Updated In late June, noted open-source programmer Bruce Perens warned that using Grsecurity's Linux kernel security could invite legal trouble.
"As a customer, it's my opinion that you would be subject to both contributory infringement and breach of contract by employing this product in conjunction with the Linux kernel under the no-redistribution policy currently employed by Grsecurity," Perens wrote on his blog.
The following month, Perens was invited to court. Grsecurity sued the open-source doyen, his web host, and as-yet-unidentified defendants who may have helped him draft that post, for defamation and business interference.
Grsecurity offers Linux kernel security patches on a paid-for subscription basis. The software hardens kernel defenses through checks for common errors like memory overflows.
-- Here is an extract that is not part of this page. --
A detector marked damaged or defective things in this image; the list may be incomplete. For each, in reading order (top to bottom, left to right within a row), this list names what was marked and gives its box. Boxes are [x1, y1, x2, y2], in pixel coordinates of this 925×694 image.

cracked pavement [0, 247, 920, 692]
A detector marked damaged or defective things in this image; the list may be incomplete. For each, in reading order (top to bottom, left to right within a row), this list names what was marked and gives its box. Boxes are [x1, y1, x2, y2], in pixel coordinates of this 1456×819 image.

Perens, meanwhile, is known for using the Debian Free Software Guidelines to draft the Open Source Definition, with the help of others.
Linus Torvalds, who oversees the Linux kernel, has called Grsecurity's patches "garbage".
Grsecurity used to allow others to redistribute its patches, but the biz ended that practice for stable releases two years ago and for test patches in April this year. It offers its GPLv2 licensed software through a subscription agreement. The agreement says that customers who redistribute the code – a right under the GPLv2 license – will no longer be customers and will lose the right to distribute subsequent versions of the software.
According to Perens, "GPL version 2 section 6 explicitly prohibits the addition of terms such as this redistribution prohibition."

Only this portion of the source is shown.